Shadows play a larger than real life role in this story. They may be stolen or sold. They play a role with its caster. If someone loses their shadow, then it can cause some meddlesome problems. In fact, one of the main roles that shadows play in this fiction is that of deceiving the eye. The story is told in first person with the narrator being a shadow placer. He takes shadows from other things to make the evening appear differently than they really are. So, one sees stairs where there are none, or a pathway when in fact it's a precipice that eventually leads to his client's demise. The idea is that potential thieves will harm themselves and never find the treasure that they're after. This would normally work, but in this instance, a blind man who can see no shadow at all foils the false shadows that the narrator and his partner lay about the home.

Cats also play an interesting role in the story. The narrator's side-kick (Mutano), for instance, had his voice taken from him by the cat which patrols the night, a guard in its own right. Sunbolt, the owner of the stolen voice, makes limited use of this command over a human language, saving it for the end in a fight for his life. Mutano's effort to recapture his voice is an interesting subplot, in fact. Cats are given human-like intelligence and highly valued for it, but remain slaves to the human race to be bought and sold according to its value. Mutano, on the other hand, can speak and comprehend the language of the cats. It is only after a particularly valuable and, to Sunbolt, an extremely attractive cat, is offered in exchange for the voice that it gives back to Mutano his voice.

I think that this story has a lot of unique characteristics, an interesting voice, and a pair of plots, which were highly enjoyable to read. Of the stories in this edition of Fantasy and Science Fiction, I thought it was the best.

Liberty's Daughter, Naomi Kritzer

This is another story told in first person. It is a light piece, resembling detective fiction. The main character is a young girl, perhaps adolescent or a young teen, who makes extra money by finding things for people.
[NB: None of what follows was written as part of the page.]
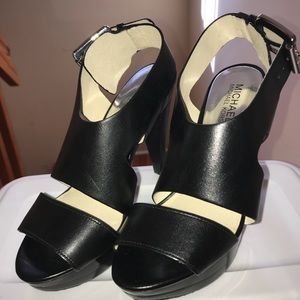 MICHAEL KORS BLACK HEELS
The setting is a big part of the plot. It is on a floating man-made island which is governed by several different styles of governments. They range between anarchy and semi-anarchy. They wanted to be free, and so they are free. However, in these states has evolved several classes of people. It is when the narrator is asked to locate a person who has gone missing that the plot to the story is revealed.

The detective is an untouchable due to her father's status. She is therefore able to go about her mission with little to no restraint. She discovers that there are some people selling their organs in exchange for expensive treatments by bonding themselves to jobs that no one will do. She even manages to rescue Lynn Miller from the owner of the company, only to watch her willingly go back into a new contract.

There is one thing that is a little hard to buy in this story. The technology to put such an island together is still quite possibly decades away. We simply haven't created a ship or platform or anything that can withstand the worst that Earth's mother nature can throw at it. To complicate it further, making enormous floating cities would pose problems since there are physical limitations that we face today which may or may not be overcome in the next century. And yet the culture has a hard time acquiring physical goods, like shoe laces, shoes, types of food, etc. The reason I find such a thing funny is because we are on the verge of replicator like technology where a 3D printer ought to be able to make a pair of plastic shoelaces and the many other widgets that people living on the island need or want. I wouldn't be surprised if, in the next 10 years, 3D printers become somewhat ubiquitous either at home or professional shops.

But, a part of enjoying fiction has to be the ability to suspend disbelief.